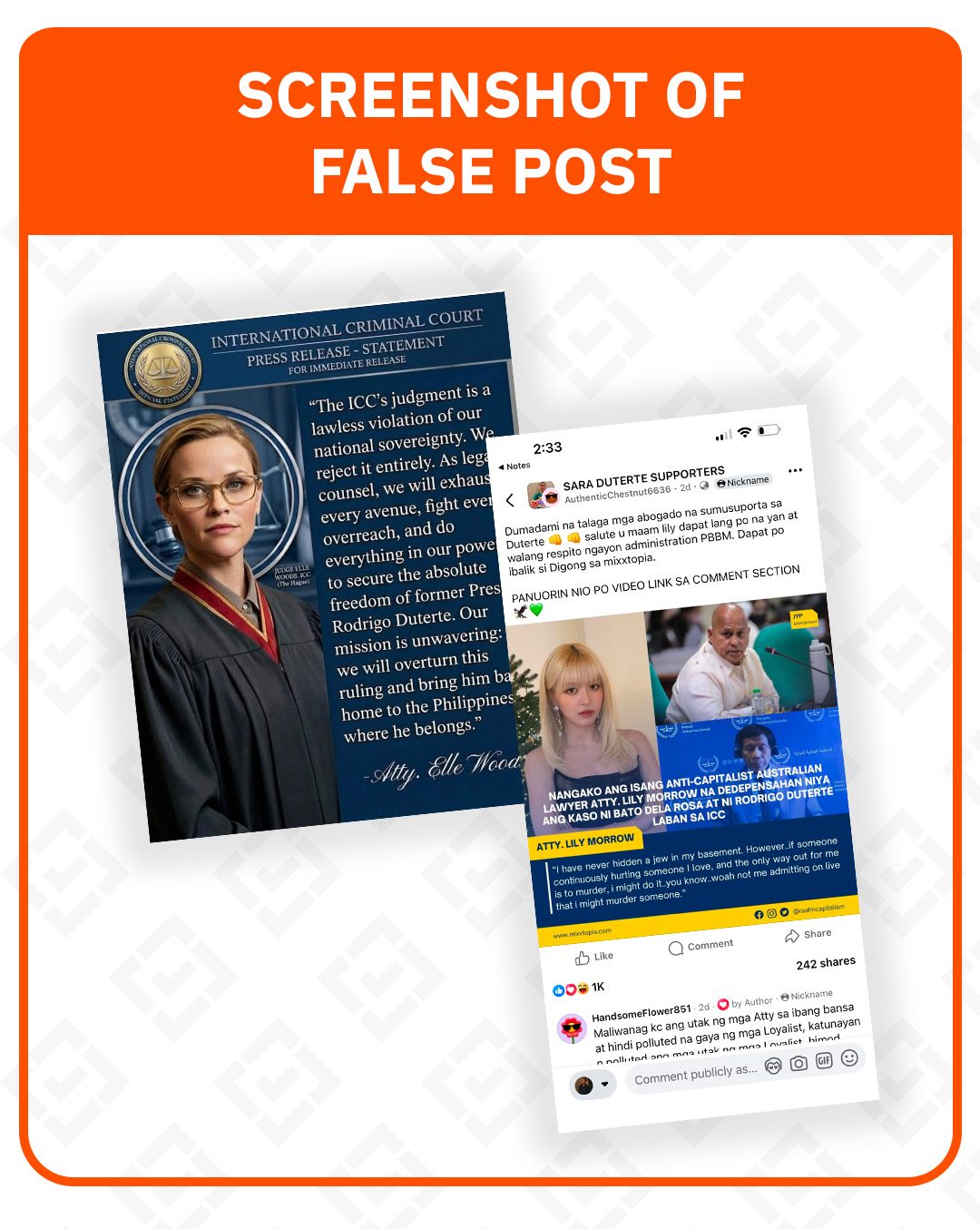 FACT CHECK: Fake quote cards on Duterte’s ICC defense cite fictional lawyers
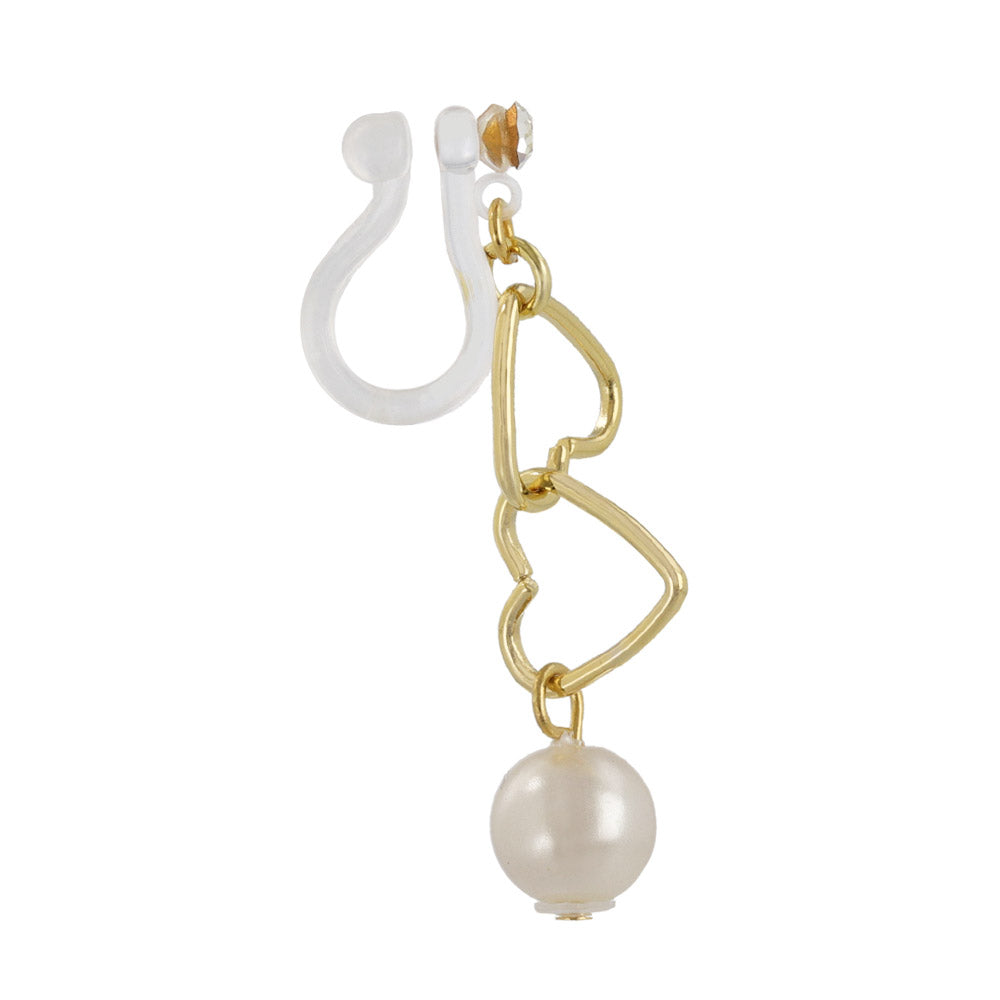 Heart Link Pearl Drop Invisible Clip Ons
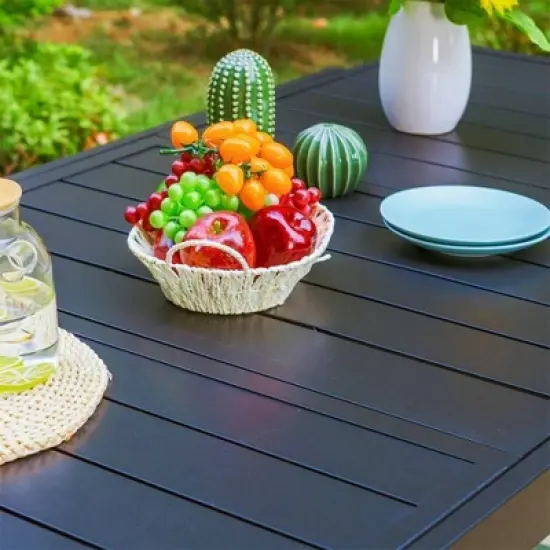 7pc Metal Dining Set with Expandable Table & 6 Swivel Chairs - Captiva Designs image {3}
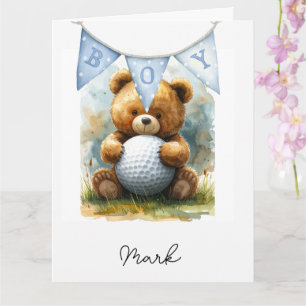 Golf Baby Boy Thema auf dem Golfplatz Karte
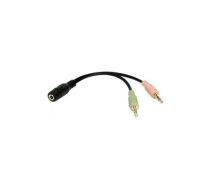 Logilink Audio jack adapter, 4-pin, 3.5 mm stereo male to 2x 3.5mm female Black, 0.15 m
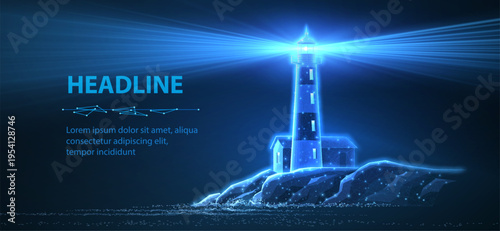 Glowing lighthouse on rocky coast at night on dark blue background. Navigation technology, coastal beacon, digital guidance, safety signal, futuristic location concept. 3D illustration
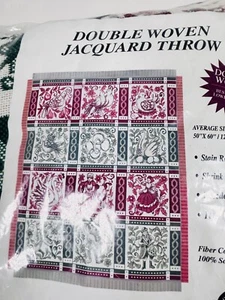 Vtg 12 Days Of Christmas Tapestry Throw Blanket American Weavers 50x60” - Picture 1 of 5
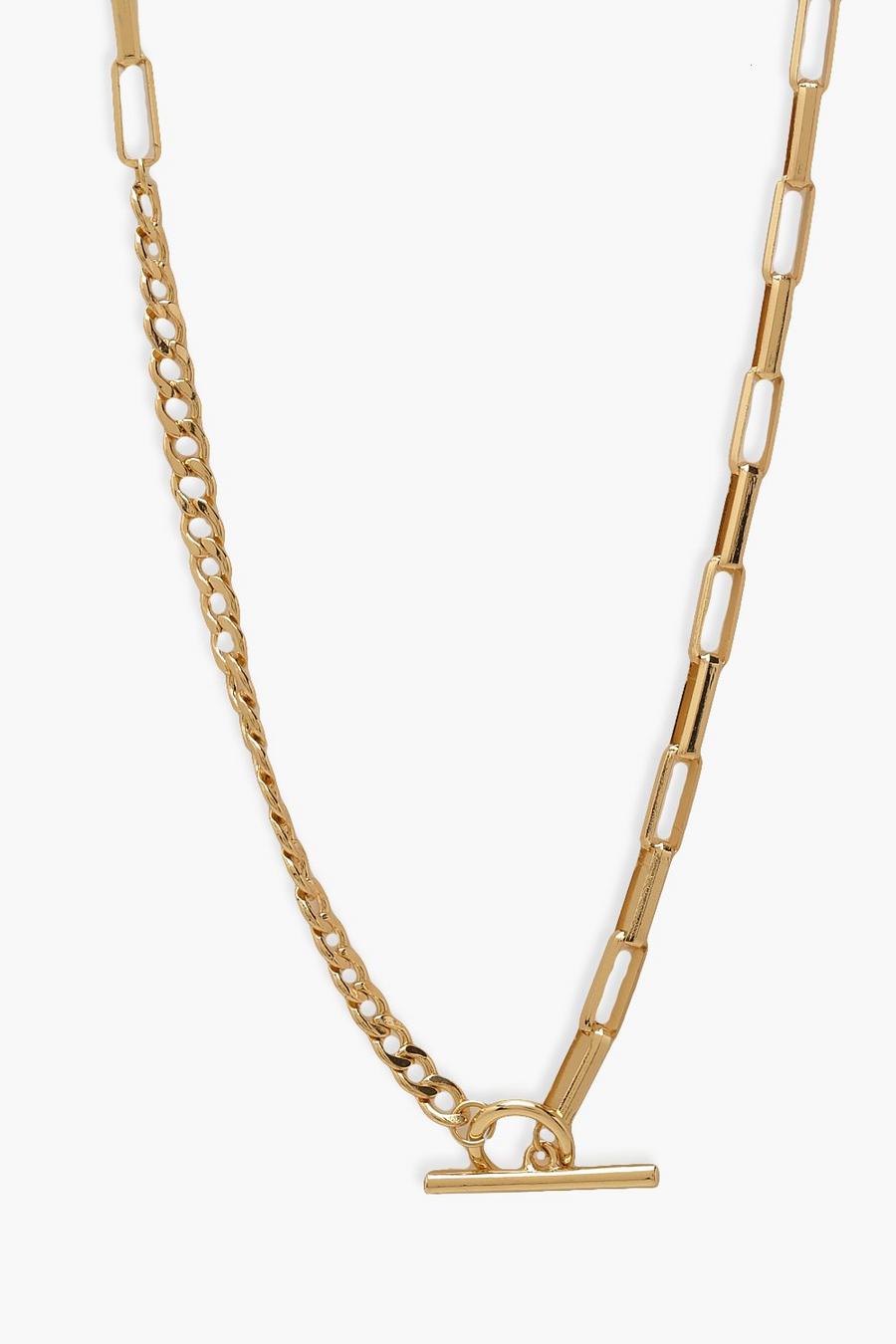 Gold T Bar Mix Chain Choker Necklace image number 1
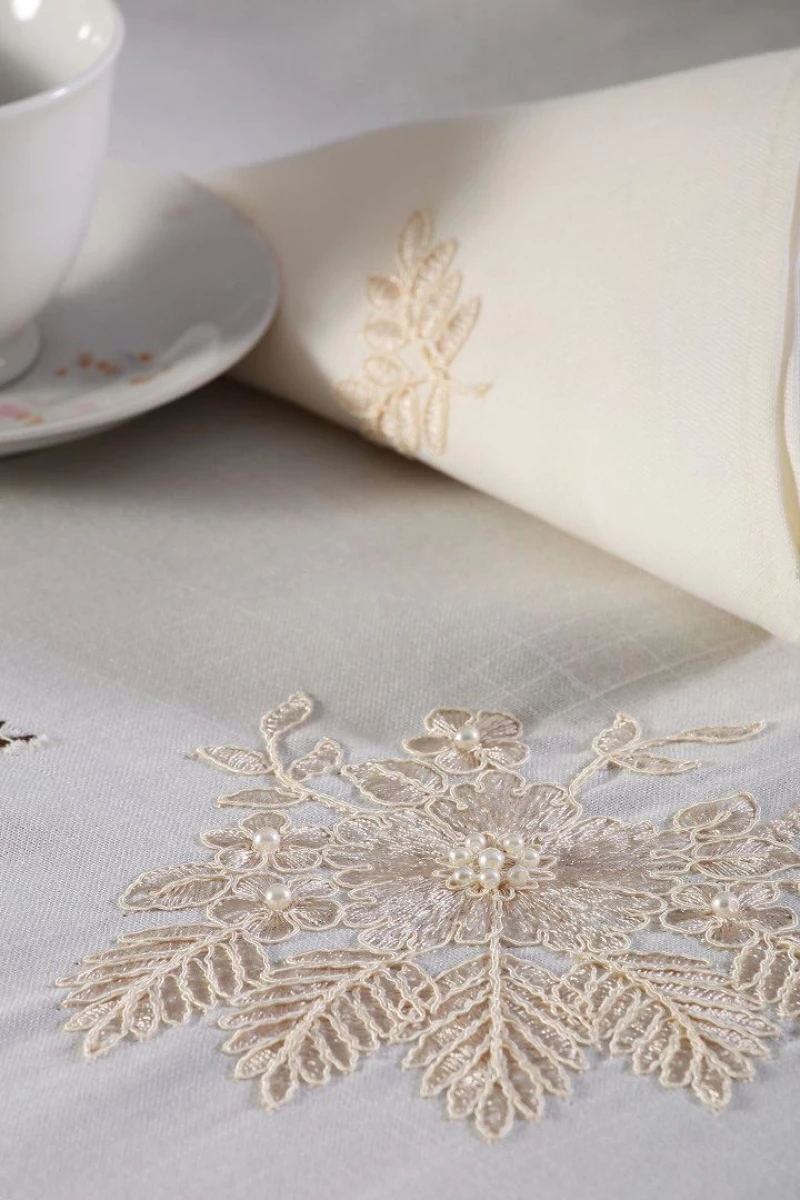 τραπεζομάντηλα ( 160cm x 300cm) 4006 ivory Silk Fashion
####################
- TASK INSTRUCTIONS:
The answer is the complete set of records, copied exactly, with pictures omitted.

- RESULT OF THE TASK:
 FACT CHECK: Fake quote cards on Duterte’s ICC defense cite fictional lawyers
 Heart Link Pearl Drop Invisible Clip Ons
 7pc Metal Dining Set with Expandable Table & 6 Swivel Chairs - Captiva Designs image {3}
 Golf Baby Boy Thema auf dem Golfplatz Karte
 Logilink Audio jack adapter, 4-pin, 3.5 mm stereo male to 2x 3.5mm female Black, 0.15 m
 Glowing lighthouse on rocky coast at night on dark blue background. Navigation technology, coastal beacon, digital guidance, safety signal, futuristic location concept. 3D illustration
 Vtg 12 Days Of Christmas Tapestry Throw Blanket American Weavers 50x60” - Picture 1 of 5
 Gold T Bar Mix Chain Choker Necklace image number 1
 τραπεζομάντηλα ( 160cm x 300cm) 4006 ivory Silk Fashion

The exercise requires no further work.